HISTORY: The Royal High School, completed in 1856, was built in Gothic Revival style to a design by James Wilson. It first opened as the Bath and Lansdown Proprietary College for boys, but as this school failed, it was sold in 1863 and became the Royal School for Daughters of Army Officers, founded after the Crimean War. Works on the Chapel at the Royal School were started in 1939 by the builders E Chancellor & Sons, and a foundation stone was laid by the Marquess of Bath, of Longleat House, in July that year. During the Second World War the school evacuated to Longleat, and the chapel's west end could not be completed. In 1950 the chapel was consecrated.
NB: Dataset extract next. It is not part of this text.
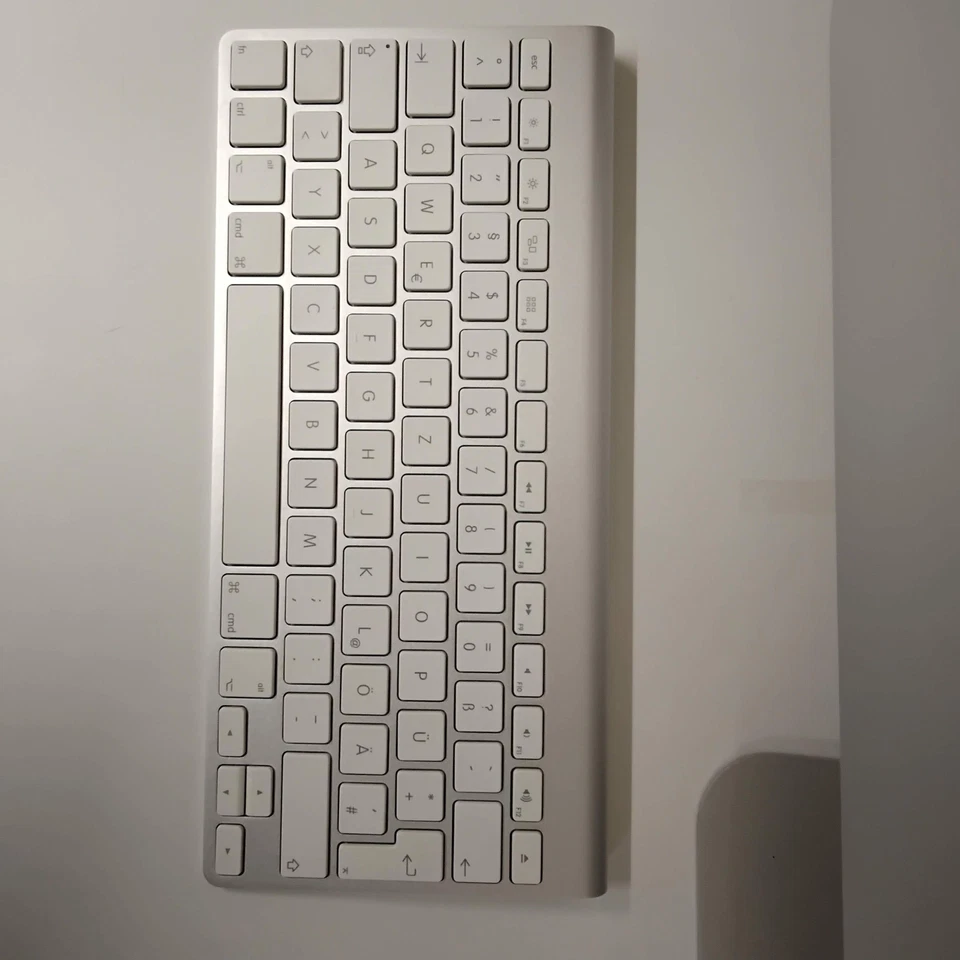 68.6cm (27") iMac Intel Core i5 2.7GHz 4GB 1TB DVDRW HD6770M 512MB Mac OSX - Bild 4 von 4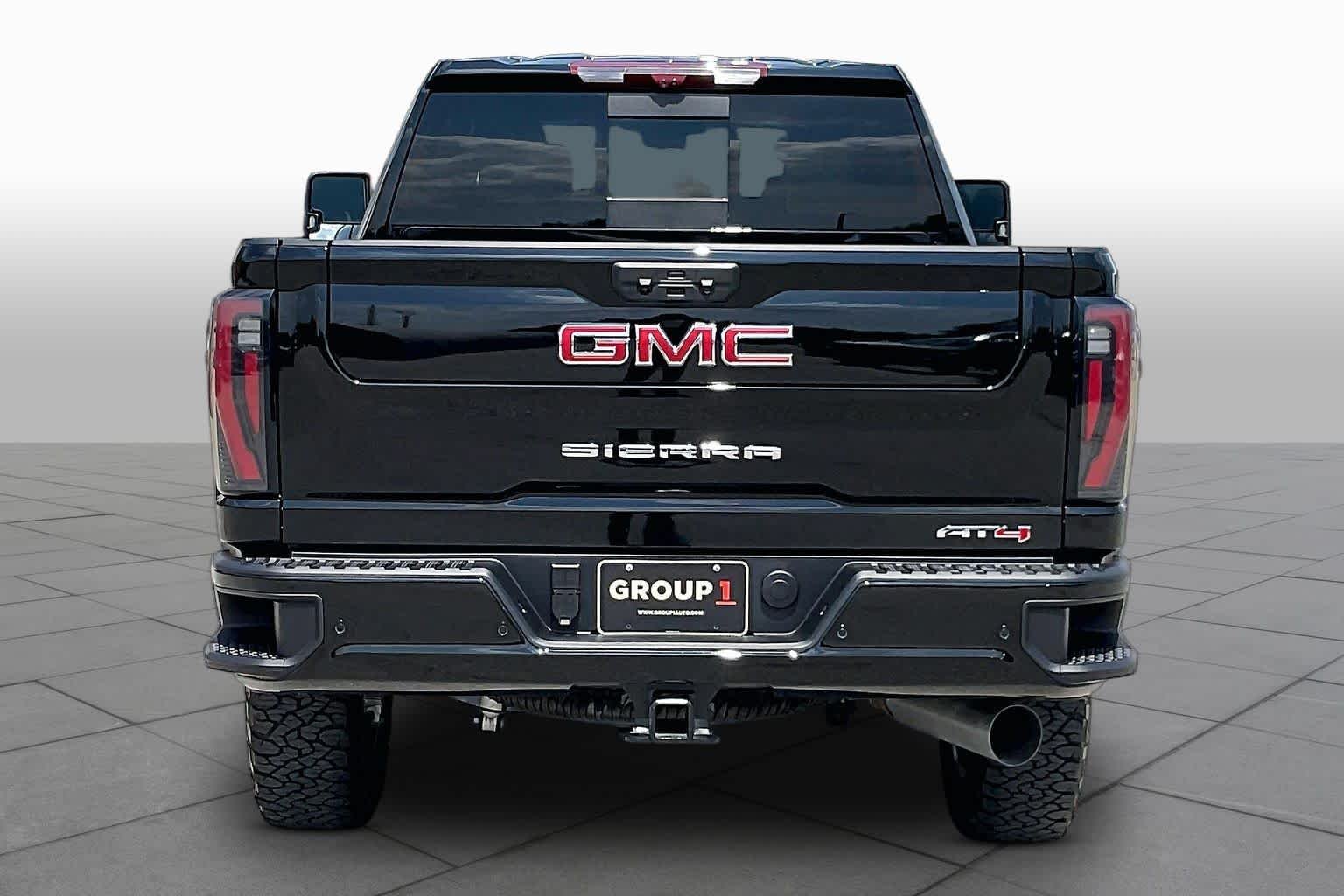 Used 2026 Onyx Black GMC AT4 image 5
Due to the school's limited resources after the Second World War, Goodhart-Rendel's plan for the west-end, which included an external stair turret, was not fully implemented. Instead, in 1961 the west end and gallery were completed to designs of 1957 by the Bath based architects H.H. Goldsmith and H.W.S. Tolson (using Blackmore & Son as builders).
Goodhart-Rendel started his career as an architect from 1909 onwards. In 1915 he was commissioned in the special reserve Grenadier Guards. He resumed his architectural practice in London in 1919. In 1924-5 he was President of the Architectural Association and in 1937-9 of the Royal Institute of British Architects. During the Second World War Goodhart-Rendel rejoined his regiment. In 1945 he started working in an architectural practice with his partners H Lewis Curtis (since 1930) and FG Broadbent (since 1945). Goodhart-Rendel's work was greatly influenced by nineteenth century architecture, and he had an extensive knowledge of the Victorian Gothic revival. As such he became a successful designer for restorations and extensions. Some of his work also echoes the style of Sir Edwin Lutyens. He is best known for his church designs, mostly dating from after 1945.

SOURCES
Oxford DNB (entry for HS Goodhart-Rendel: http://www.oxforddnb.com/view/article/33455
D Watkin, The rise of architectural history (1980), pp 165-169.
M Forsyth, Bath (Pevsner Architectural Guides 2003), pp 267-268.
Historic documentation, including photographs, plans and drawings, supplied on behalf of the owner of the Chapel from their private collection and the Bath Records Office.

REASONS FOR DESIGNATION
The Chapel at the Royal High School in Bath merits listing at Grade II for the following main reasons:
* It is a good example of a church by the nationally important architect HS Goodhart-Rendell, in which his early ideas on church design as further developed after 1945, are expressed.
* Its austere but elegant overall design and its architectural detailing are of a high quality and it makes interesting use of natural light.
* The fact that the interior of Goodhart-Rendell's earliest church, St Wilfrid's, Elm Grove, Brighton (qv) of 1934-5, has mostly been lost due to its conversion into flats, gives added importance to the survival of the Chapel at the Royal High School.
* It forms an important group with the mid-C19 Royal High School building (qv) in the Gothic Revival style.